Interscholastic Support - Area Schools Raise Money for Narraguagus Teen

NarraguagusJr/Sr High School sophomore Alex Walsh, left, and senior Blaine Grant hold a raffle board for the benefit.

Like everyone else who entered the 50/50 raffle at Washington Academy Jan. 3, sophomore Brecken Barker hoped she had the winning ticket.

She didn’t want the money. She wanted the chance to give it to the family of Narraguagus senior basketball player Chad Perry, who has osteosarcoma, a form of bone cancer.

“I had made up my mind before they drew that I would be donating it back,” Barker said, adding that, if she didn’t win, she hoped whoever did would donate it back. In fact, she planned to suggest that to the winner.

Barker said she won about $270 from the 50/50. Thanks to her donation, the proceeds of the raffle and some other individual donations, the Washington Academy senior class and athletic department were able to raise $705 for the Perry family. The money will help cover the costs of Chad’s chemotherapy treatments in Bangor and surgery to be performed in Boston as well as associated travel expenses.

Barker said she got to know Chad through his girlfriend, Lanie. 

“When I heard about his condition I knew my school and my team should do something to help,” she said. “They were all for it.”

The members of the WA basketball team also bought some “Chad Strong” bracelets and T-shirts, the proceeds of which benefit the Perry family.

Barker said she understands what it’s like to go through a difficult time associated with the health of a family member. Her brother, Damon, now a high school senior, suffered a traumatic head injury due to a fall when he was 7. He spent five weeks in critical care and two weeks in recovery and rehab. 

“My heart hurts for Chad and his family and I wish there was more I could do to help,” she said.

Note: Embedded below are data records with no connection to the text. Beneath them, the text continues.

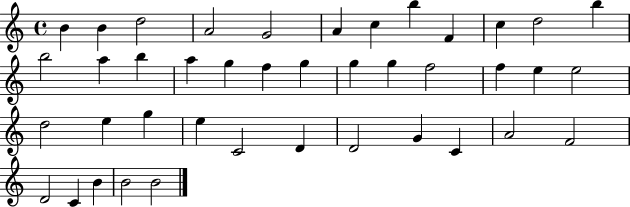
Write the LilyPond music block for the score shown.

{
  \clef treble
  \time 4/4
  \defaultTimeSignature
  \key c \major
  b'4 b'4 d''2 | a'2 g'2 | a'4 c''4 b''4 f'4 | c''4 d''2 b''4 | \break b''2 a''4 b''4 | a''4 g''4 f''4 g''4 | g''4 g''4 f''2 | f''4 e''4 e''2 | \break d''2 e''4 g''4 | e''4 c'2 d'4 | d'2 g'4 c'4 | a'2 f'2 | \break d'2 c'4 b'4 | b'2 b'2 | \bar "|."
}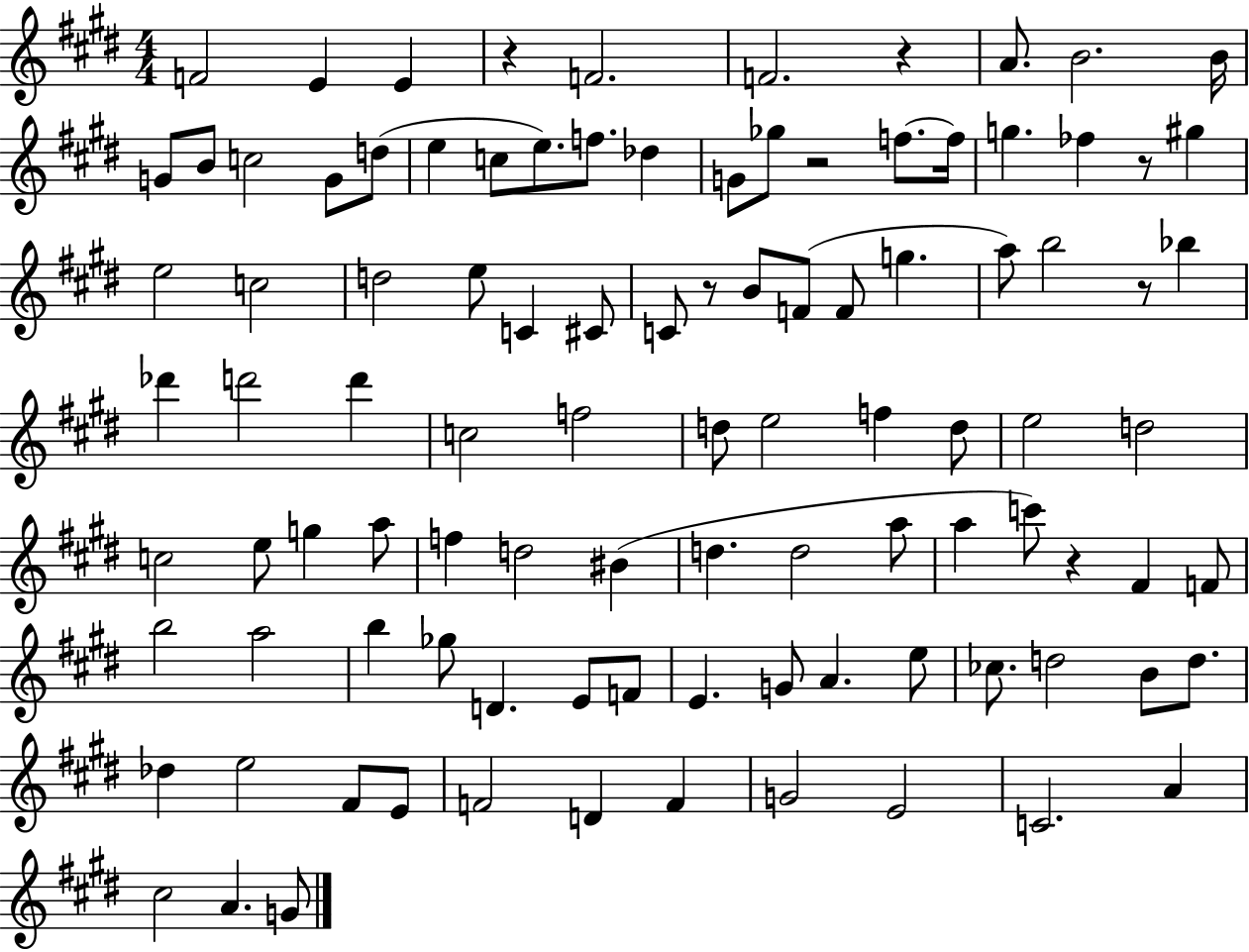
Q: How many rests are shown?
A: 7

Washington Academy is but one of several area schools jumping in to help.

Students at Machias Memorial High School raised $2.624.50 Jan. 12 through a 50/50 raffle, a donation jar and the proceeds from the gate.

Freshman Abby Hooper, who also knows Chad’s girlfriend, said she came up with the idea during a game about a week earlier. She and a fellow student, freshman Destiny Look, presented the idea to their cheering coach, Michelle Wood, and to Principal Brian Leavitt. Both were supportive.

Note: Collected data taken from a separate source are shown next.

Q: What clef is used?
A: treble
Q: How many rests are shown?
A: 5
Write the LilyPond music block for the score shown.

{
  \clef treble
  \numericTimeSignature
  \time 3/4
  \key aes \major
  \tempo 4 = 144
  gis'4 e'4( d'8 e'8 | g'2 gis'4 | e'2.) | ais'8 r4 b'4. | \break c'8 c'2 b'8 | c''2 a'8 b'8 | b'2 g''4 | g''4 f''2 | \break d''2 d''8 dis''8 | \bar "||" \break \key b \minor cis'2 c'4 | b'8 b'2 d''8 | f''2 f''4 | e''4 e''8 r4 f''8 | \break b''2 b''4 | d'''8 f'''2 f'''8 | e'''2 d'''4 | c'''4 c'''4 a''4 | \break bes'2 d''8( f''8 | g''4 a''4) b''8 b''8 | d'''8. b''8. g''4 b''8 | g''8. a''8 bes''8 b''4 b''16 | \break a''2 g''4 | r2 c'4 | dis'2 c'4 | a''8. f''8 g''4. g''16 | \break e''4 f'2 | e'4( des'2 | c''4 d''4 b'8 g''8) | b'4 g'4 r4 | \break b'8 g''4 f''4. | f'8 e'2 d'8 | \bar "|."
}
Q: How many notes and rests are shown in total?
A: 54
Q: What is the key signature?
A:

“Then everyone else just started pitching in donating money and donating time,” said Look. “[Chad] is part of our community and we’re a small community.”

The basketball team also bought “Chad Strong” bracelets.

“If we can do more, we probably will,” Hooper said.

Wood said she was pleased Hooper came up with the idea.

“I definitely thought we should do something,” Wood said. “The games just turned out to be at the right time for us to do it.”

Others preparing for the game Thursday at Machias were also supportive.

“I think it’s wonderful. It’s absolutely wonderful,” said Patty Keene of Machias, who handled the admission money along with her son, Devin, a freshman. “We just have a small community and everybody just pulls together.”

Keene said she is especially impressed by the fact that many people making donations do not even know Chad or his family.

The following night, during a game against Narraguagus, the members of the Jonesport-Beals High School boys basketball team presented a $2,500 donation to Chad and his family, said coach Skip Alley.

The money came from a bottle drive and every member of the team participated. Many people who didn’t have bottles or cans to give made cash donations.

“They did a great job, a really great job,” Alley said.

Also on Friday night, the Lubec junior high basketball team held a 50/50, set out a donation jar and raffled off prizes donated by area merchants, said coach Shawn Tinker. The team raised $940.

“That wasn’t bad for a little school,” he said.

The Lubec girls team attended the Thursday night game at Machias. They also held a raffle to benefit Chad.

“We don’t know the boy but this is a small town,” said Ariane Savage, one of several adults who accompanied the girls to the game.

Members of the Narraguagus community said they are touched by the support.

“I just think it’s amazing, the support,” said Jessica Leighton, whose daughter, Madison, is a junior on the Narraguagus girls team. “It makes you feel grateful to live in a small town like this.”

Madison Leighton said she also appreciates the support, adding Chad is a great person and it is difficult for him to have to miss out on his senior year in basketball.

“It seems like every school is participating,” said Heather Thompson, coach of the Narraguagus girls team, calling the support “amazing.”

Boys coach Ryan Fletcher described the support from other schools as “awesome,” adding, “They’ve all been great. Every day I get phone calls.”

That’s just the way it is Downeast, Perry supporters said.

“We’re a really small community and usually when tragedy strikes, the community all comes out to help,” said Wood. “Everyone Downeast supports each other.”

“So many times we say, ‘someone ought to do something,’” said Tinker. “Well, last time I checked, I was someone.”